Available data:
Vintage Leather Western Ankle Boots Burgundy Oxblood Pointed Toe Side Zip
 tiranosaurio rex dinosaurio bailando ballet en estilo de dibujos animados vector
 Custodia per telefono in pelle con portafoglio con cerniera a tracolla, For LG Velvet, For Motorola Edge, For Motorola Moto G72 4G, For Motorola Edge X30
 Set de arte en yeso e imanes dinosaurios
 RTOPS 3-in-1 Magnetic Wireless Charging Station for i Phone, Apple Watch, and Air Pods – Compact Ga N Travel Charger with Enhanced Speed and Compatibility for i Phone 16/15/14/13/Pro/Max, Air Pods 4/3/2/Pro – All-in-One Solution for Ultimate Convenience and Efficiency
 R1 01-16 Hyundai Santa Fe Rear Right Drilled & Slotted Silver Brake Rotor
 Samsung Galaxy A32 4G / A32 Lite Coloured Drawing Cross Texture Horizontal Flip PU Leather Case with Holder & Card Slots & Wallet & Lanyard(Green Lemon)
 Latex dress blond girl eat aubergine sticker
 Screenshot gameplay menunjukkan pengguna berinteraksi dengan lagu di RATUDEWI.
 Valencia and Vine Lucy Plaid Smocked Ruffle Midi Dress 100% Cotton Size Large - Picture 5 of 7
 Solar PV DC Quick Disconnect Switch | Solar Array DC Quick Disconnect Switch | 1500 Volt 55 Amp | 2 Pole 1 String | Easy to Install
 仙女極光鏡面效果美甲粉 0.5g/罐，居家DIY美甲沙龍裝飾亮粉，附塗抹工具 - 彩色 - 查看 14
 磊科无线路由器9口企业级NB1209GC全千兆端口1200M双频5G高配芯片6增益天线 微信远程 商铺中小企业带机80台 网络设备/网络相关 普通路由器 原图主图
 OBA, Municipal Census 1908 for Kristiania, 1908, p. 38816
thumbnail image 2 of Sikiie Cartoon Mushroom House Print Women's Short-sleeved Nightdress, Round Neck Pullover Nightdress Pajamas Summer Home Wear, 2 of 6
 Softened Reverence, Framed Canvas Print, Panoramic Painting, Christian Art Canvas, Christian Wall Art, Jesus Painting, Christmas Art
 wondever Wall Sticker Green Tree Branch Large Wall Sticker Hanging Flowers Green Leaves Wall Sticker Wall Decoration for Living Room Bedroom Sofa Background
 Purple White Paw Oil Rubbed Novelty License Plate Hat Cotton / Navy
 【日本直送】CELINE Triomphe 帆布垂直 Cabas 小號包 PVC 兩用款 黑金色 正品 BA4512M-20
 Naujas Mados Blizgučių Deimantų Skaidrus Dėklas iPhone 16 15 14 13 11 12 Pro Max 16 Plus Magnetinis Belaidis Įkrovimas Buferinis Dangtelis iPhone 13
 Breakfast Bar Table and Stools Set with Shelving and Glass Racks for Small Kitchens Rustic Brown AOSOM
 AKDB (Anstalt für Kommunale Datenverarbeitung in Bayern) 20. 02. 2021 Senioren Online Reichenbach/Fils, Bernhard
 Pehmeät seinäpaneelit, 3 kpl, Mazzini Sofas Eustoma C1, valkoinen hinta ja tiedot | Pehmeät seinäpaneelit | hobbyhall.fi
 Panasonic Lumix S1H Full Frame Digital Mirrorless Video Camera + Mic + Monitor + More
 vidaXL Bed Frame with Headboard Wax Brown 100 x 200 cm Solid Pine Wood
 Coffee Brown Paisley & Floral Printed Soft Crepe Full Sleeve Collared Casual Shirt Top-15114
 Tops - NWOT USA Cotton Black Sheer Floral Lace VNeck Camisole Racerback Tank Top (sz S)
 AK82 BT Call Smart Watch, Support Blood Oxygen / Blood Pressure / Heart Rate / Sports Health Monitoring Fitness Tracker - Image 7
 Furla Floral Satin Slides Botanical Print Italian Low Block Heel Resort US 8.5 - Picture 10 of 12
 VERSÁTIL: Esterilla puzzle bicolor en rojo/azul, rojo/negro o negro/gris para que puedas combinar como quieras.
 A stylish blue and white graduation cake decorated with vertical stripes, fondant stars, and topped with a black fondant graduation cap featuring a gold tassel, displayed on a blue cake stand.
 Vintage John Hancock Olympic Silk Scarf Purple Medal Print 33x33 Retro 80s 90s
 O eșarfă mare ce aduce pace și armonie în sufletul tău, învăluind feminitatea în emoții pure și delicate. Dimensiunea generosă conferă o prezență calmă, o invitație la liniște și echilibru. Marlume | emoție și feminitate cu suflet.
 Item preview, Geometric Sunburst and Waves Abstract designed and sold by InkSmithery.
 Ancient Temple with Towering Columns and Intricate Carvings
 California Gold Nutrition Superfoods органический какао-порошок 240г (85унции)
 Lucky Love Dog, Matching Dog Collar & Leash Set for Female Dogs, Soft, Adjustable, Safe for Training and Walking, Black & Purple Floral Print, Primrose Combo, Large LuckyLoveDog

Task item: Look through the data above and return exactly the lines from the one that contains "Coffee Brown Paisley" to the one that contains "Vintage John Hancock", inclusive, with nothing else.

Problem solution:
 Coffee Brown Paisley & Floral Printed Soft Crepe Full Sleeve Collared Casual Shirt Top-15114
 Tops - NWOT USA Cotton Black Sheer Floral Lace VNeck Camisole Racerback Tank Top (sz S)
 AK82 BT Call Smart Watch, Support Blood Oxygen / Blood Pressure / Heart Rate / Sports Health Monitoring Fitness Tracker - Image 7
 Furla Floral Satin Slides Botanical Print Italian Low Block Heel Resort US 8.5 - Picture 10 of 12
 VERSÁTIL: Esterilla puzzle bicolor en rojo/azul, rojo/negro o negro/gris para que puedas combinar como quieras.
 A stylish blue and white graduation cake decorated with vertical stripes, fondant stars, and topped with a black fondant graduation cap featuring a gold tassel, displayed on a blue cake stand.
 Vintage John Hancock Olympic Silk Scarf Purple Medal Print 33x33 Retro 80s 90s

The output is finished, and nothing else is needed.